I hosted a Thanksgiving party at our apartment last night (Thursdays we have Turkish lessons so couldn't do it today). 

I cooked for 2 days straight. It was a great success. I was the only person there who had any idea what Thanksgiving is.

This was the menu:

- roast turkey - I found The One and Only Turkey (frozen) in this city. It was the size of a fat chicken.
- cranberry sauce - I had to use Greek "krana" which are NOT the same and have big pits that I had to remove by hand... took 3 hours... but the taste was pretty close-ish.
- garlic-horseradish mashed potatoes
- homemade rolls
- stuffing made from some of the rolls with mushrooms, wild celery, and pine nuts (I think this was my favorite part)
- roasted potatoes, carrots, pumpkin, and onions
- peas and pearl onions
- one of the guests brought three salads

And dessert...

- apple pie with vanilla ice cream (I bought the ice cream at the store, I know, shameful!) and warm apple topping
- lemon cheesecake
- orange pie (portokalopita) made my my aunt-in-law

It was good! I really appreciated not having to cook today. I think we have enough leftovers to keep me out of the kitchen for at least 2 more days.

We had so much fun... I think the guests were convinced that Thanksgiving is a great idea. Oh and I almost forgot - I made my husband play "This Land is Your Land" on the piano and I sang... hilarious.


----------



## EriEli (Oct 26, 2011)

What fun!!! (I love the this land is your land part - don't think my fiancé has ever heard that song. I forced him to listen to "country roads" the other day and he asked me if there was "something in the water" in the US...haha.. Yes dear...and all your old greek classics are totally easy on the ears...)

This year I had all the old standards in the American fashion...one final time before moving. Last years feast is probably much more interesting. Especially since i pulled it off using one of those miniature ovens with ONE burner. The menu:

-Baked Brie cheese wheel with a dried nut and fruit crust (I cut off some of the skin and pressed in the crust and baked it. HUGE success! I made two and they were both gone within minutes.

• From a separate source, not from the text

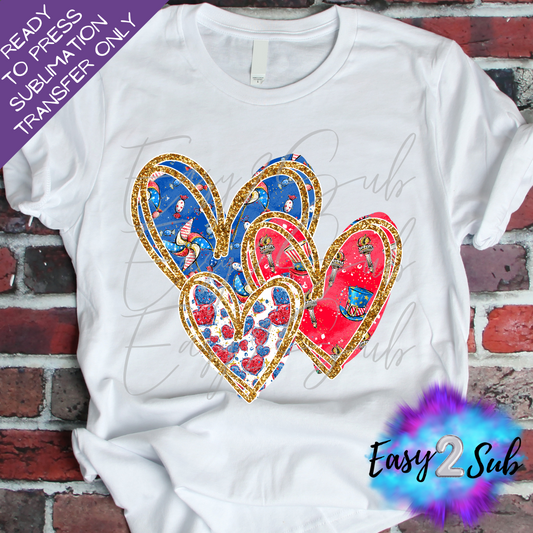 July 4th Hearts 1 Sublimation Transfer Print, Ready To Press Sublimation Transfer, Image transfer, T-Shirt Transfer Sheet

- baked yam medallions served cold with Gorgonzola and walnuts (another crowd pleaser appetizer)

- roasted and salted (at home) hazelnuts

-Turkey (I also found the only one to be had. I was a bit large for our mini oven so my fiancé broke a leg before we stuffed it in the oven. Nothing for a farm boy, but gruesome for me.) I had brought an oven bag from the US..life saver! Also, I was afraid it was going to taste like ice so I brined it for 24 hours. It was honestly delicious.

- stuffing with celery, leeks, pine nuts and mixed dried fruit (found sage at an incredible old spice place near the central Athens market off of athinas st. It was very fragrant and a tiny bit goes a looooong way. Guests were unsure what to do with it...tasted like tea to them with sage. Meh - more for me. It was my favorite too.

- creamy whipped garlic mashed potatoes ( thank you ΝΟΥΝΟΥ. Huge hit)

- gravy. Most of my guests had never eaten gravy, it took some convincing but they loved it once they got the courage up.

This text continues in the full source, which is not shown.